Alvin@cup.portal.com (Alvin Henry White) (07/09/90)
Recent discussion has included books on massageing waveforms. I am interested in the ability to change time without changing pitch. This then allow one to set a locally made tape of a poetic reading of a commercial such as "Eat at Joe's diner, on the corner of nth and etc." to the prerecorded classical or other musical background. In the discussion of a book by F. Richard Moore called ELEMENTS OF COMPUTER MUSIC I think I heard mention of pitch change without time change. If anyone knows if time change without pitch change is also contimplated I would like to know. Also other source. It seems someone also mentioned that it might take sixty seconds of large scale number crunching to get one second of sound. Parallel processing may improve this and some of the supercomputer centers might need extra work. Imagin patching a duet of Michael Gorbechev and Ronald Regan singing what a friend we have in jesus or the "international."
jk87377@metso.tut.fi (Kouhia Juhana Krister) (07/10/90)
In article <31559@cup.portal.com> Alvin@cup.portal.com (Alvin Henry White) writes: >Recent discussion has included books on massageing waveforms. I am >interested in the ability to change time without changing pitch. This 1. Change pitch without changing time 2. Change samplerate or stretch the sound Example: 1. Double pitch with pitchshifter (2*) 2. Double lenght of sound (2*) Now Your sound is 2* longer and pitch is same than in original. Juhana Kouhia jk87377@tut.fi
jthornto@fs1.ee.ubc.ca (THORNTON JOHAN A) (07/10/90)

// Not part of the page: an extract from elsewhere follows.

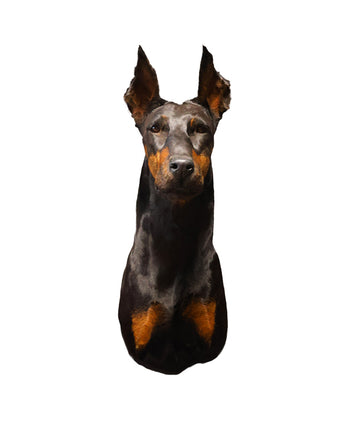 Dobermann Kopf-Schulterpräparat von SWISStaxidermy – professionelle Taxidermie aus der Schweiz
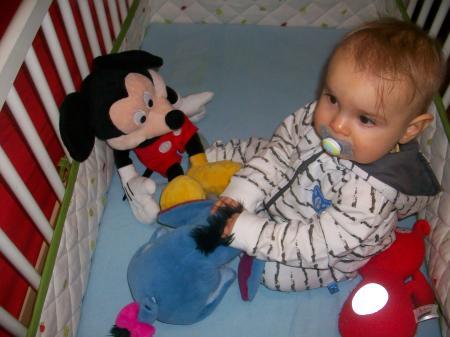 Bild zu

Changing pitch independent of time, and changing time independent of pitch are essentially the same process. In the digital domain, they are the same process. ------- _/__/ ----------------------------------------------------- _| ___| E l e c t r i c a l | Johan Thornton, Esq. | | |_/ E n g i n E E r i n g |------------------------- |/| __| U n i v e r s i t y | jthornto@fs1.ee.ubc.ca |-| |/__ o f B r i t i s h |------------------------- | |_____| C o l u m b i a | This space for rent ---- |__|/_| ------------------------------------------------------
dt@yenta.alb.nm.us (David B. Thomas) (07/10/90)
Check your friendly radio shack catalog. There are a couple of tape recorders with the capability to play back a recording fast, but compensate the pitch. They call it VSC (Variable Speech Control) or something like that. The way it works is it samples the sound, chops hunks out, then plays back what's left slower. Since the tape is already going extra fast, what you can get is correct pitch but faster time. Naturally, the sound quality is poor, because of the chopping, and because it is a radio shack tape recorder :-) David
srmjr@cbnewsd.att.com (samuel.r.mullins) (07/10/90)
There is a wealth of literature concerning DSP algorithms for Time-Scale Modification of speech. I can't say for sure but I would guess that some of the algorithms would not work well on music. Anyway for a representative sample of articles see Part Four of: Speech Enhancement, Edited by Jae S. Lim, Prentice-Hall Signal Processing Series, 1983. ISBN 0-13-829705-3 In particular, the algorithm (based on modification of the Short-Time Fourier Transform) presented by M. R. Portnoff gives very high quality results (at least for speech.) If you're not comfortable with DSP, don't bother (mostly IEEE Journal articles) Sam Mullins -- "What a strange, strange boy. He sees the cars as sets of waves. Sequences of mass and space. He sees the damage in my face." - Joni Mitchell
smithj@hpsad.HP.COM (Jim Smith) (07/11/90)
The cleanest digital algorithm to do what you want is called a Phase Vocoder, but it is really computationally intensive, as you mentioned. Here are a couple of good references: The Use of the Phase Vocoder in Computer Music Applications James A. Moorer Journal of the Audio Engineering Society Jan/Feb 1978, V26 N1/2, pp42-45 Implementation of the Digital Phase Vocoder using the Fast Fourier Transform Michael R. Portnoff IEEE Transactions on Acoustics, Speech, and Signal Processing Vol. ASSP-24, No 3, June 1976 And probably the best first article on the topic; The Phase Vocoder: A Tutorial Mark Dolson Computer Music Journal, Vol.10, No.4, Winter 1986 pp14-27 Mark was with the computer music department at UCSD, and perhaps they would have reprints.